§ PROBLEM STATEMENT
Your copy should begin with the line containing "Bar Stools With", end with the line containing "3 Adet Metal", match the listing below exactly, and contain no pictures.

§ DATASET EXTRACT
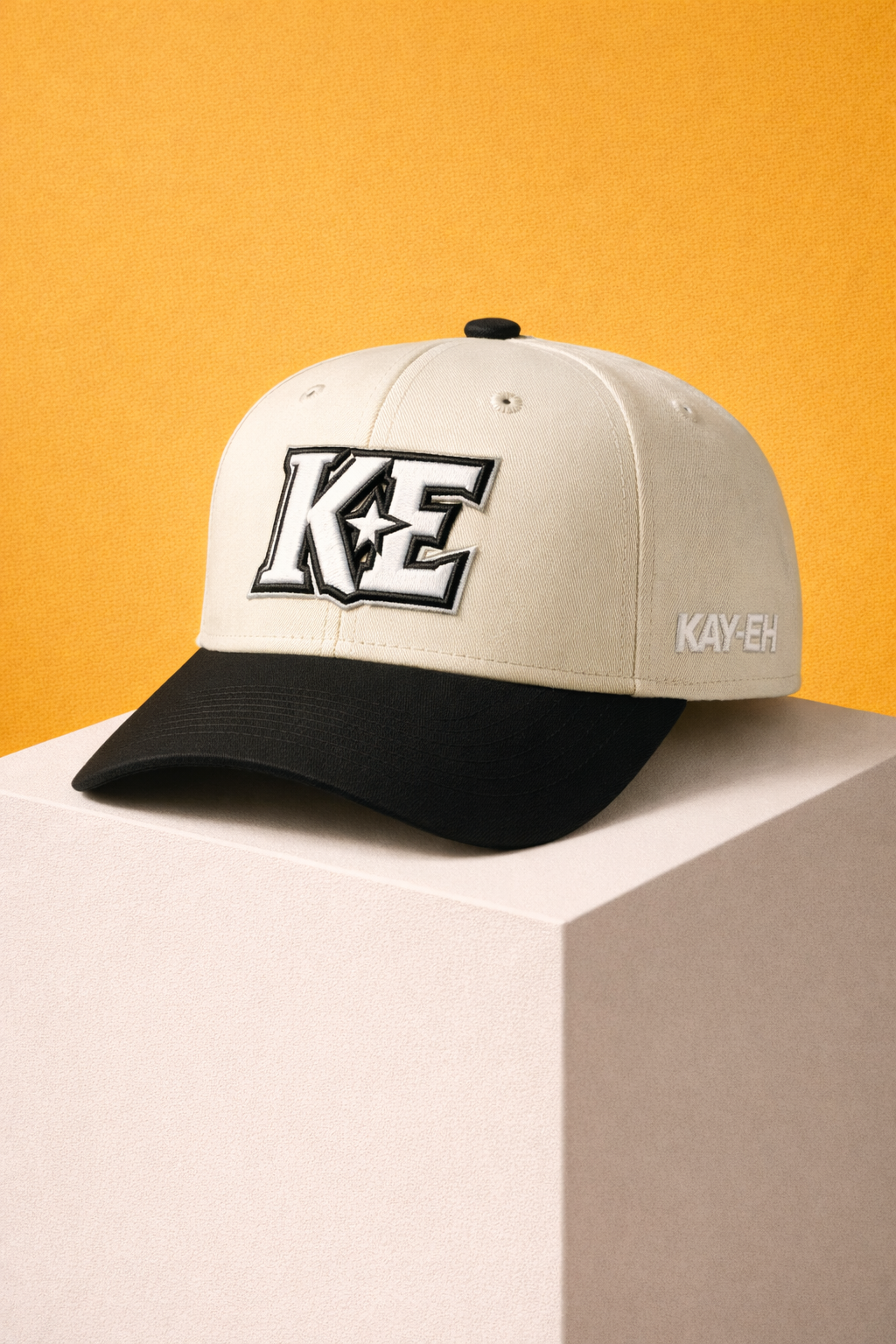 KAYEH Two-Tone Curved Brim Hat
* * *
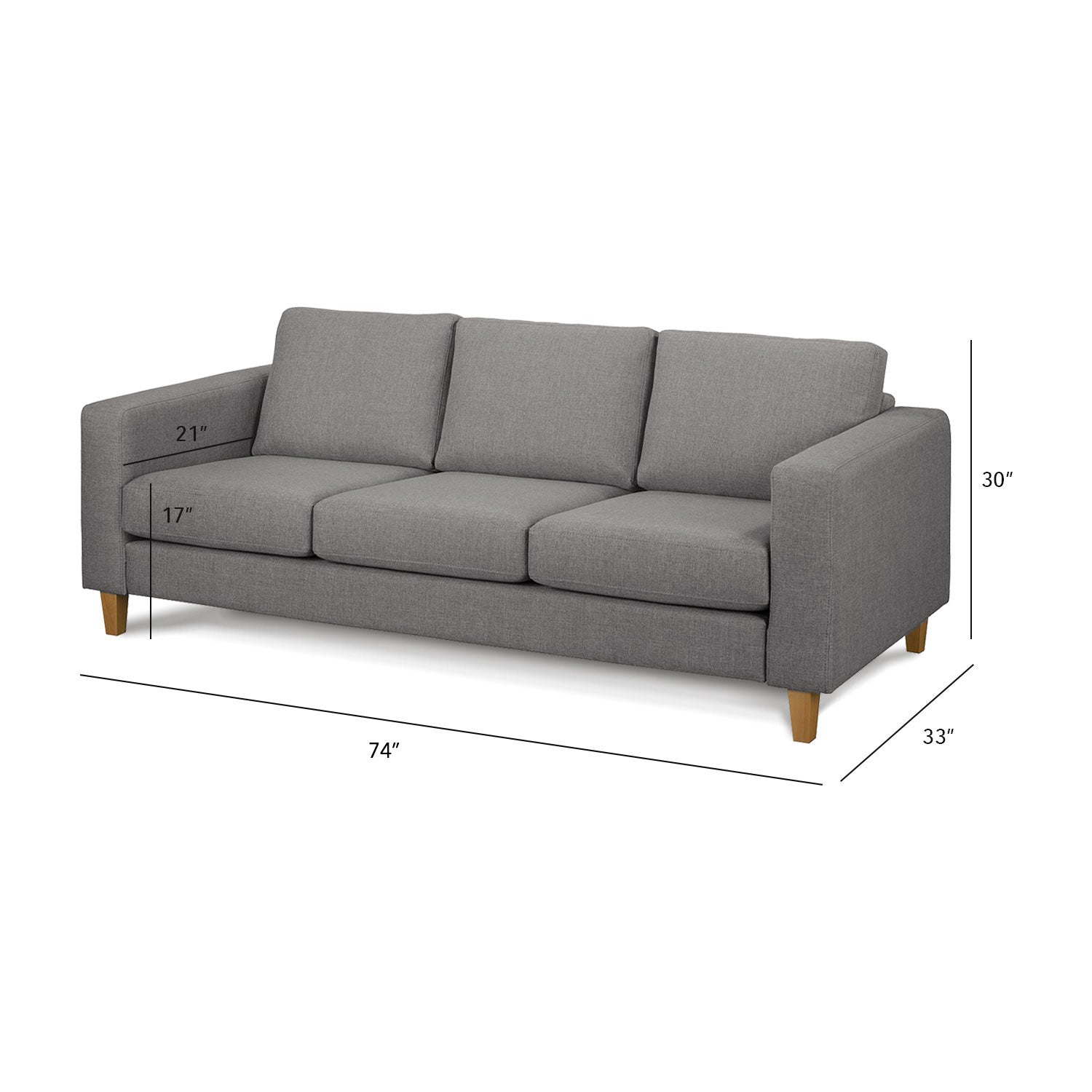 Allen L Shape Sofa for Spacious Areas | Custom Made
==
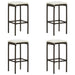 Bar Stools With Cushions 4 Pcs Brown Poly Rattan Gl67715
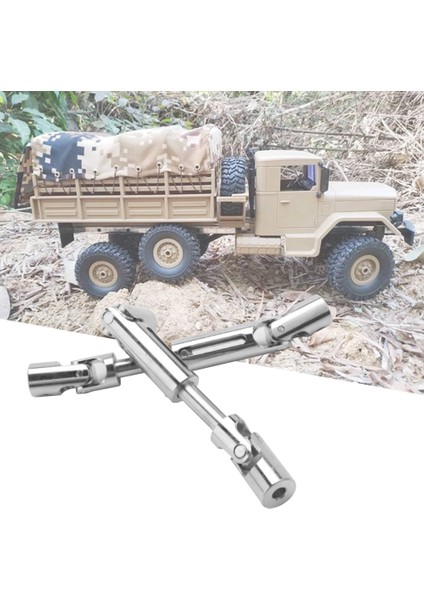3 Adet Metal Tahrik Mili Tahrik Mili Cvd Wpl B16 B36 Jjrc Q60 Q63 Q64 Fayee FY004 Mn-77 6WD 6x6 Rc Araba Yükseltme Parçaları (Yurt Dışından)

§ OUTPUT
 Bar Stools With Cushions 4 Pcs Brown Poly Rattan Gl67715
3 Adet Metal Tahrik Mili Tahrik Mili Cvd Wpl B16 B36 Jjrc Q60 Q63 Q64 Fayee FY004 Mn-77 6WD 6x6 Rc Araba Yükseltme Parçaları (Yurt Dışından)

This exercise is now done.